Gremlin mode is Prufa's chaos-testing modality: an LLM-backed agent drives a real browser like a deliberately difficult user — a confused newbie, an impatient double-clicker, a fat-finger typist, a back-button masher, a hostile poker — while plain code watches for what breaks. Unlike a scripted flow, you don't tell it what to do; it explores the app on its own and reports the failures it trips over.

Will Gremlin break my data, place real orders, or delete things?

No. Mutations are denied by default: Gremlin runs dry-run, and a network-layer guard aborts every non-GET request, so a destructive click is recorded as a "would have mutated" finding instead of executing. Real payment instruments are never used. On any paid plan, you can authorize a staging domain you own from the dashboard; even then, hard caps bound how many submits it can make.

How is this different from a scripted flow or an end-to-end test?

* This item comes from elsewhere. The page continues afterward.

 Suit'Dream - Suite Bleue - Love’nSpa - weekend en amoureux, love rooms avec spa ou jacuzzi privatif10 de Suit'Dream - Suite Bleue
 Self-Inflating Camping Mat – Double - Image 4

A flow (or a Playwright/Cypress test) checks a path you already know to check — it can only catch bugs on the route you scripted. Gremlin is for the bugs you didn't think to look for: it picks its own actions, covers pages you didn't list, and feeds junk into forms a happy-path test would never send. Use flows to lock down known journeys; use Gremlin to find the unknown ones, then import a reproduction as a reviewable draft flow.

Can I trust what Gremlin reports, or is it just an LLM's opinion?

Gremlin acts like a human tester: it decides where to poke, what outcome should have happened, and what failure a user actually experienced. Prufa then backs that claim with browser evidence — the action taken, rendered UI state, network responses, console errors, screenshots, and repro steps. A 500 after clicking Save becomes "saving failed for the user" only when the evidence chain supports it. Unsupported model-only observations stay in a separate advisory tier.

What does Gremlin mode cost?

Gremlin is available on any paid plan, with a step budget that scales with the plan: Starter 20, Pro 40, Team 60. The free 8-step teaser on this page needs no signup. The same metered pricing applies across tiers — each chaotic step is an LLM call counted against the included-runs quota, and overage is per-run on each plan's normal overage price.

Can Gremlin test pages behind a login?

Yes, from a signed-in workspace. Give Gremlin credentials for a staging app you own and authorize that domain for writes — logging in is itself a write — and the agent signs in, then chaos-tests the authenticated product: dashboards, upload-and-create flows, the screens a logged-out crawler never reaches. This works from the dashboard and MCP. The login is encrypted at rest, handed to the browser only at sign-in, redacted to placeholders in reports, and a rejected login is reported as credential_rejected rather than treated as product coverage.